8. En quatrième lieu, il ne ressort pas des pièces du dossier que le préfet de la Haute-Savoie n'aurait pas procédé à un examen particulier de la situation de M. B....
9. En cinquième lieu, ni le fait que le père de M. B... réside en Suisse, ni la circonstance, au demeurant non établie par les pièces du dossier, que l'intéressé serait basketteur professionnel et aurait besoin à ce titre de se déplacer en Europe pour effectuer des compétitions, ne constituent des circonstances humanitaires au sens des dispositions précitées, justifiant qu'une interdiction de retour sur le territoire français ne soit pas prononcée à son encontre.
10. Il résulte de tout ce qui précède que le préfet de la Haute-Savoie est fondé à soutenir que c'est à tort que, par le jugement attaqué, le magistrat délégué du tribunal administratif de Lyon a annulé sa décision du 28 mai 2018 portant interdiction de retour sur le territoire français pendant une durée d'un an.

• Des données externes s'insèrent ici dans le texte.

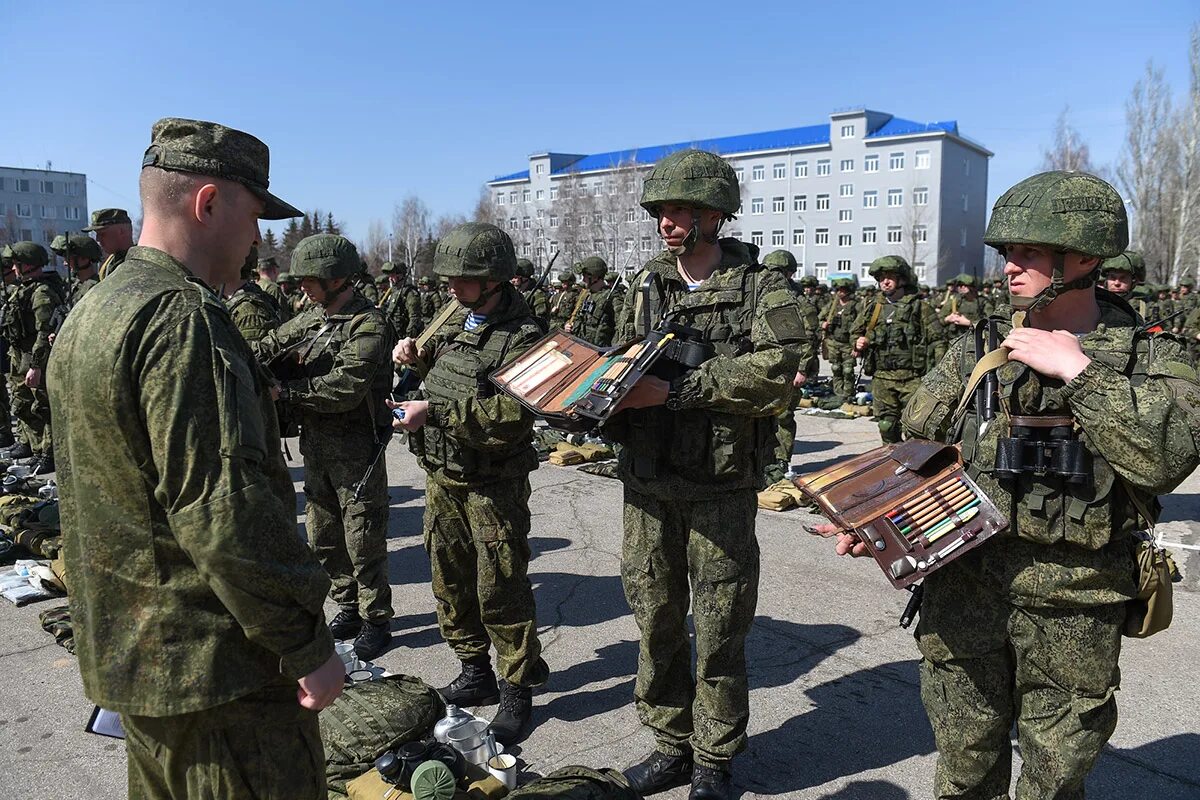 Командир роты вс РФ. Боевая подготовка ВДВ. Сухопутные войска Воронежская область. Строевой смотр роты.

Par voie de conséquence, les conclusions aux fins d'injonction et les conclusions tendant à la mise à la charge de l'Etat d'une somme au titre des frais liés au litige présentées par M. B... ne peuvent qu'être rejetées.
DÉCIDE :
Article 1er : L'article 2 du jugement n° 1803694 du 31 mai 2018 est annulé.

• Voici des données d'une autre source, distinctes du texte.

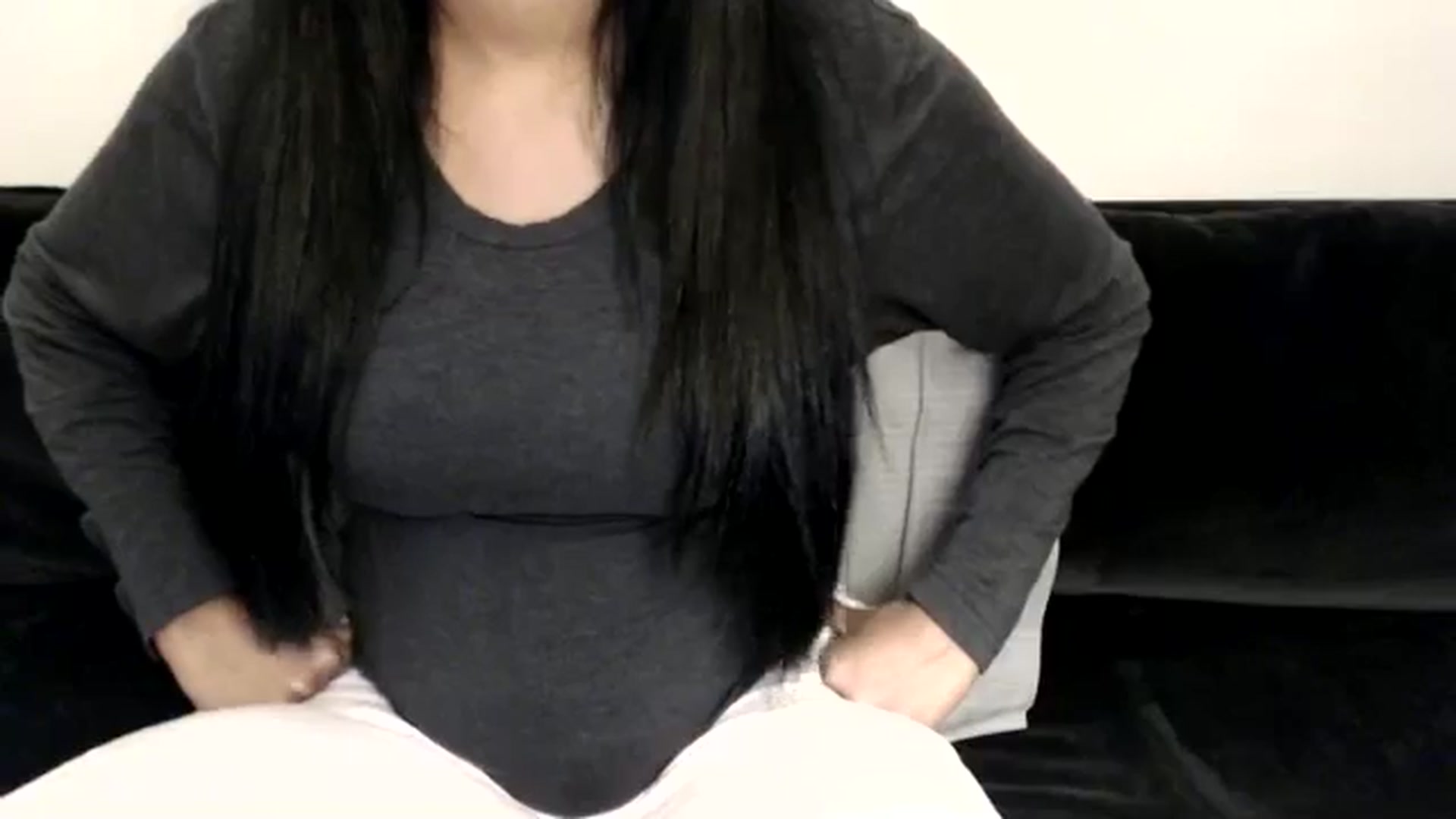Gallery image thumbnail from kitten___'s myfreecams stream on, 04/27/2025, 06:36 image 16 of 20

Article 2 : Les conclusions présentées par M. B... devant le tribunal tendant à l'annulation de la décision portant interdiction de retour sur le territoire français et les conclusions qu'il a présentées en appel sont rejetées.
Article 3 : Le présent arrêt sera notifié au ministre de l'intérieur et à M. A... B....
Copie en sera adressée au préfet de la Haute-Savoie et au procureur de la République près le tribunal de grande instance territorialement compétent.
Délibéré après l'audience du 4 avril 2019, à laquelle siégeaient :
M. Seillet, président,
MmeF..., première conseillère,
M. Savouré, premier conseiller.
Lu en audience publique, le 2 mai 2019.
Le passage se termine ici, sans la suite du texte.